Die These, daß die RAF-Gefangenen Kontakte zu operierenden RAF-Gruppen unterhalten, propagierte auch der BKA-Präsident Hans Zachert. Nach seinen Worten spielten die Gefangenen eine „wichtige Rolle“ - sie lieferten den „neuen Leuten in der Kommandoebene“ die „Politargumente für die Mordanschläge“, und es gebe „deutliche Hinweise“ darauf, daß sie Einfluß auf die „aktiven Terroristen“ nähmen. Die 'Welt‘ will darüber hinaus von Verbindungen erfahren haben, „die einsitzende RAF-Kader seit geraumer Zeit zu spanischen Terroristen pflegen“. Als Beleg dient ein offener Brief der Gefangenen Eva Haule und Gisela Dutzi an die hungerstreikenden Mitglieder der spanischen Grapo und PCE (r). Darin sollen die beiden für eine „europäische Terrorfront“ plädieren.

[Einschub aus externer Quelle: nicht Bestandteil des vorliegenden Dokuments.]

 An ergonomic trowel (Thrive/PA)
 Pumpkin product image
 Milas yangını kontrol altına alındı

Während der Bonner Innenminister Wolfgang Schäuble (CDU) am Wochenende davor warnte, in „blinden Aktionismus“ zu verfallen, forderte Stoiber als Konsequenz den Ausbau der „vorbeugenden Polizeifahndung“. Als Instrumentarien wünscht der Bayer eine Ausweitung der Rasterfahndung, längerfristige Observationen sowie den erweiterten Einsatz von nachrichtendienstlichen Mitteln und verdeckten Ermittlern. Kurz: Das Paket von Sicherheitsgesetzen müsse vom Gesetzgeber verabschiedet werden, das unter der Federführung Bayerns in den Bundesrat eingebracht und mit der überraschenden Zustimmung der SPD-Länder als Vorlage an den Bundestag weitergereicht wurde. Widerstand gegen diesen Ausbau des Fahndungsapparates gibt es aber im Justizressort des FDP-Ministers Hans Engelhard: Er hat grundsätzliche verfassungsrechtliche Bedenken erhoben.

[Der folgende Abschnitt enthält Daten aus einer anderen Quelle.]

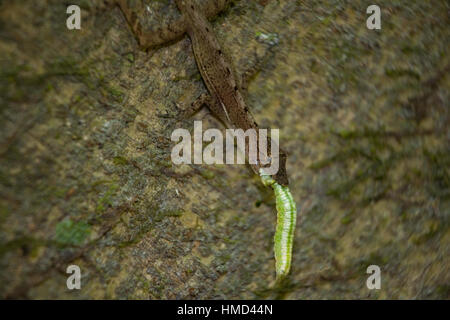 Golfo Dulce Anole Lizard (Norops polylepis) manger Caterpillar. Parc national de Corcovado, péninsule d'Osa, au Costa Rica. Endémique au sud-ouest du Costa Rica. Banque D'Images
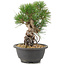 Pinus thunbergii, 21,5 cm, ± 18 ans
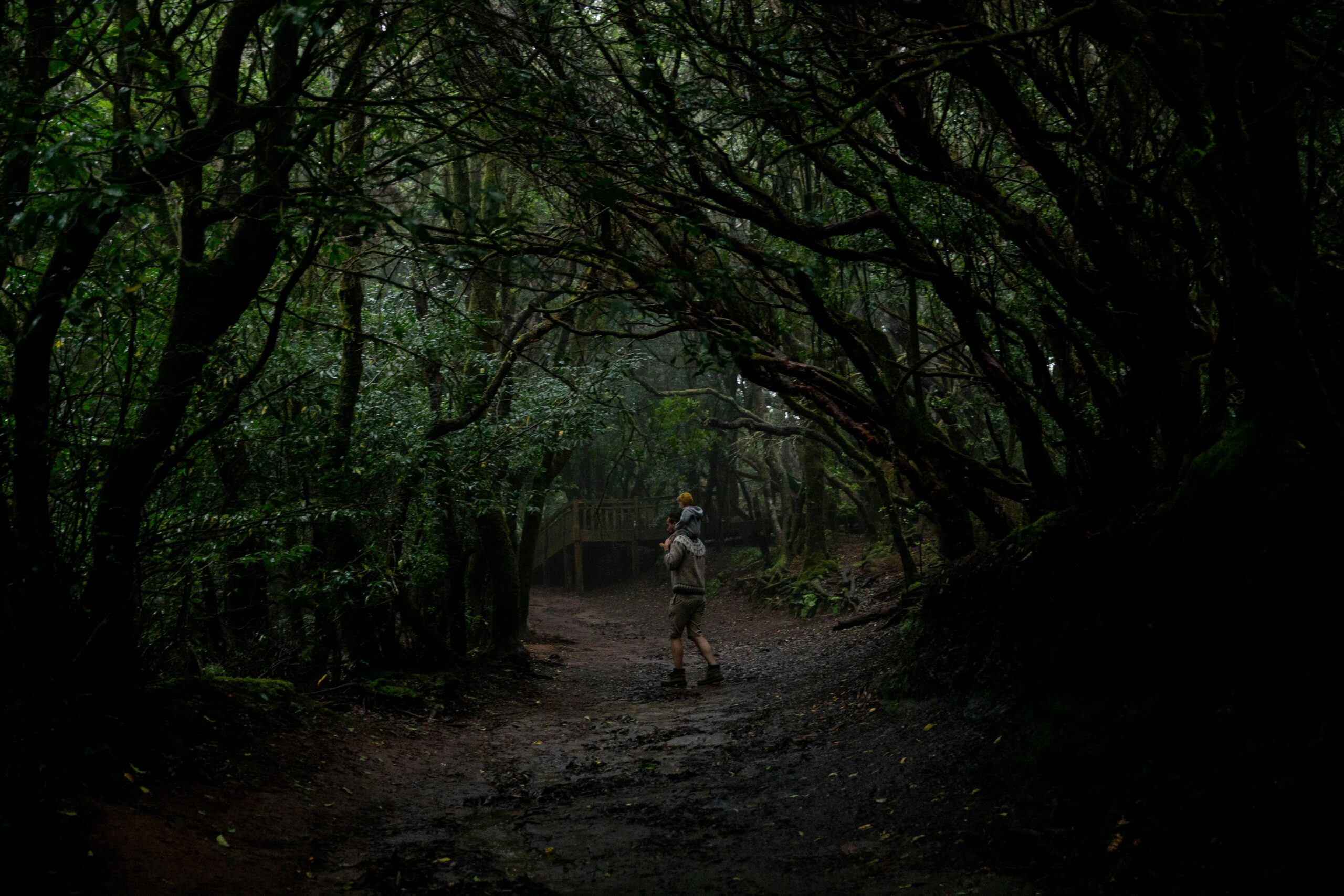 Hãy dành thời gian đọc sách cùng con mỗi ngày để mở cánh cửa tri thức, khơi dậy trí tưởng tượng và nuôi dưỡng tâm hồn con.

Auch der 'Spiegel‘ vermutet ein Info-System der RAF. Unter Berufung auf eine vertrauliche „Gefährdungsanalyse“ des BKA schreibt das Blatt, es sei der RAF gelungen , „zwischen den Häftlingen und der aktiven 'Guerilla‘ erstmals nach Jahren wieder eine funktioniernde Verbindung aufzubauen“. Die Gefangenen sind danach als „integraler Bestandteil der revolutionären Bewegung“ anzusehen. Zellenrazzien hätten massenhaft entspechende Unterlagen zutage gefördert, die zum Teil sogar verschlüsselt waren. Verwiesen wird im 'Spiegel‘ auf ein Verfahren des Generalbundesanwaltes, der Ende März gegen 25 RAF-Gefangene und „weitere noch unbekannte Personen“ wegen des Verdachts des „Aufbaus und der Unterhaltung eines illegalen Informationssystems“ ermitteln ließ. Abgeschlossen ist dieses Verfahren noch nicht.

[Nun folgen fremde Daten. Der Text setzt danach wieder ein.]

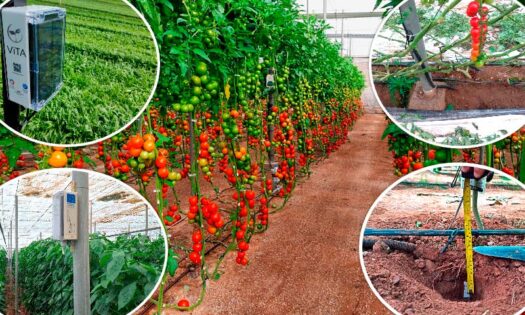 Tecnología de BrioAgro. Agua, riego, regadío, riego inteligente / agroautentico.com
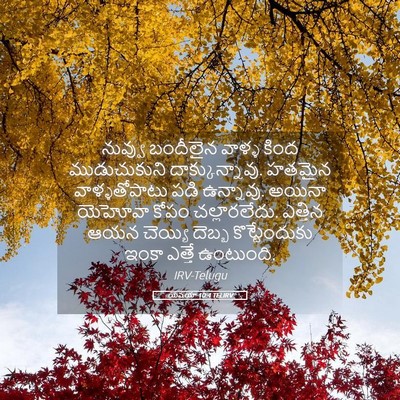 Picture 05 - యెషయా 10:4 TELIRV - నువ్వు బందీలైన - Bible Verse Picture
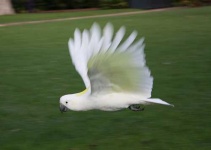 image of sulphur_crested_cockatoo #12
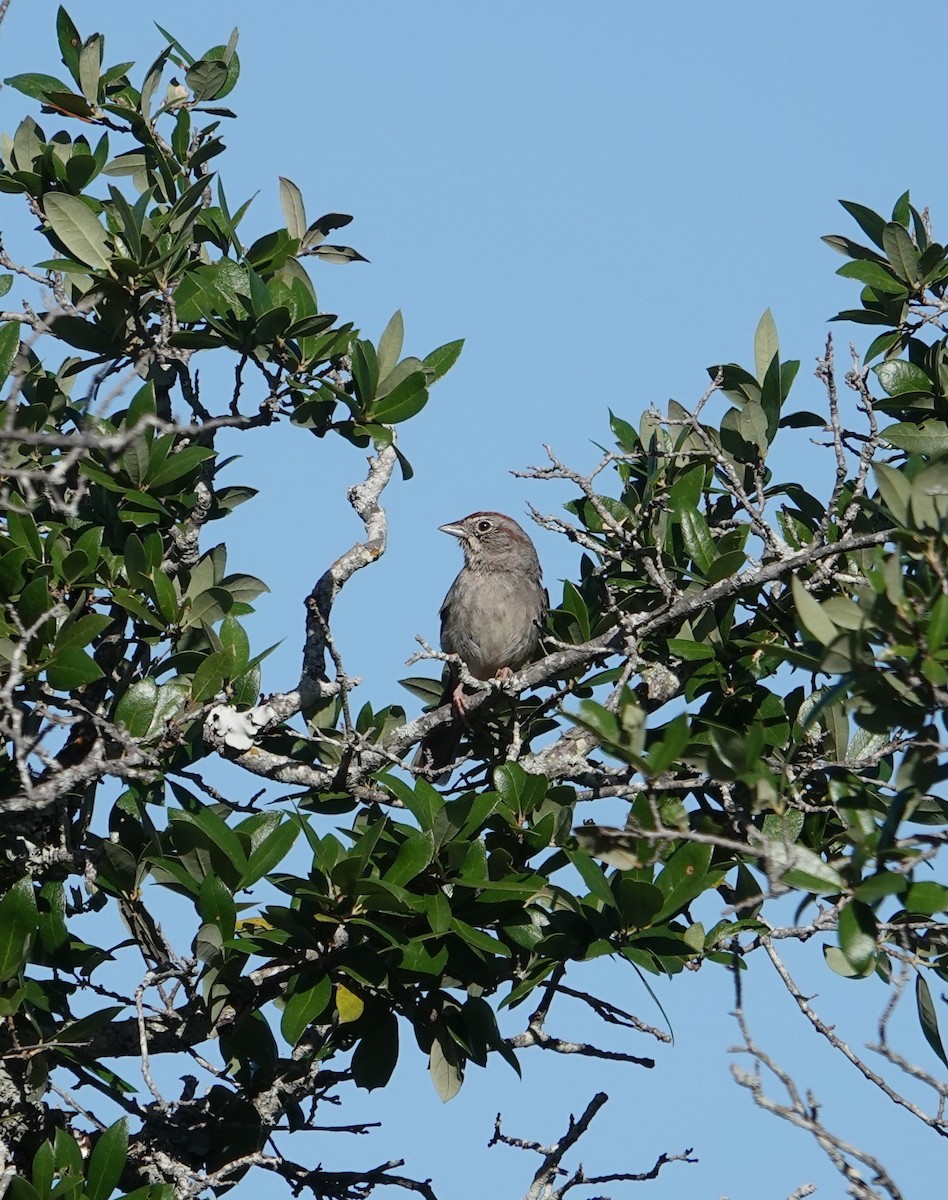 Rufous-crowned Sparrow - Steve Rogow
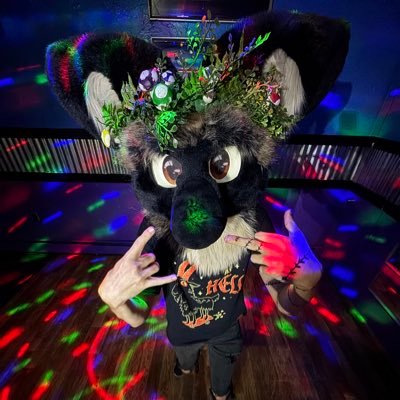Kai 🦈's profile picture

In der Karlsruher Bundesanwaltschaft werden die Berichte über ein existierendes Info-System aber als „Schnee von gestern“ abgetan. Aus den beschlagnahmten Unterlagen seien keinerlei konkrete Hinweise auf ein Attentat auf den Staatssekretär Neusel hervorgegangen. Das „illegale Kommunikationssystem“ sei zudem schon Ende März entdeckt worden und durch die Beschlagnahme sofort unterbunden worden.